During the year the boys of the school took part in a very large number of extra curricular activities, both inside and outside school.
From a large number of applicants, David Cummings (Godreaman) was selected by the British Schools’ Exploration Society to join their expedition to Arctic Sweden. His selection was a great achievement for applications are made by boys in public and grammar schools throughout Britain, and a very small number only are selected.
Not only was the expedition well worthwhile to David, but he was described by the organisers as the best geologist in the party and was given an excellent testimonial for his contribution to the expedition’s success.
Children from the school had taken part in B.B.C. musical programmes and quizzes. K. T. Johns (Hirwaun) was selected to play the French horn in the senior section of the National Youth Orchestra of Wales.
The Royal Lifeboat Institute held an essay competition for pupils in the schools of England and Wales. The winner of the award for Wales and the Border Counties was Gareth Jones (Abernant), whose essay was also, for the quality of its writing, the best in England and Wales.
At the North Glamorgan Secondary Schools’ meeting, the school won the Middle and Senior Shields. Malcolm Bishop ran for the Glamorgan Secondary Schools in the Welsh Secondary Schools championships.
The school year had seen the reintroduction of a tennis team and the revival of the school swimming club.
Mr.
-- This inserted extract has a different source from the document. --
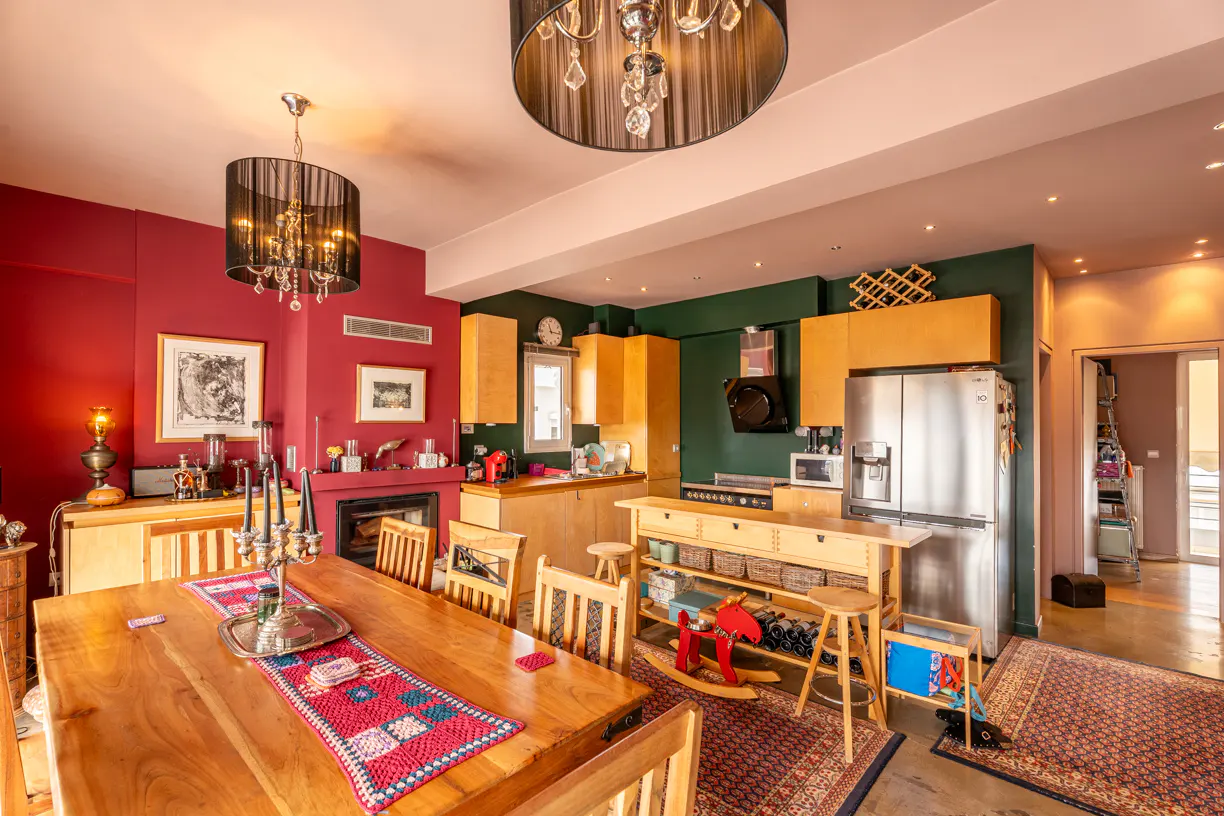 Open-concept kitchen and dining area with red and green walls, wood table, and stainless steel appliances.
Warren concluded by thanking those outside the school to whom they owed so much — Mr Oliver Timothy (Education Officer) and his staff, Dr. Raymond Grant (the County Inspector), Mr. Weeks and the Works Department, Dr. J. Llewellyn Williams (M.O.H.), and Mr. W. V. McCarthy (Divisional Youth Employment Officer).
Of Mr. McCarthy, he said: “He is not just a job filler. He gives sound advice based upon accurate and detailed knowledge of industrial realities in the area. The boys of this division owe a great deal to him.”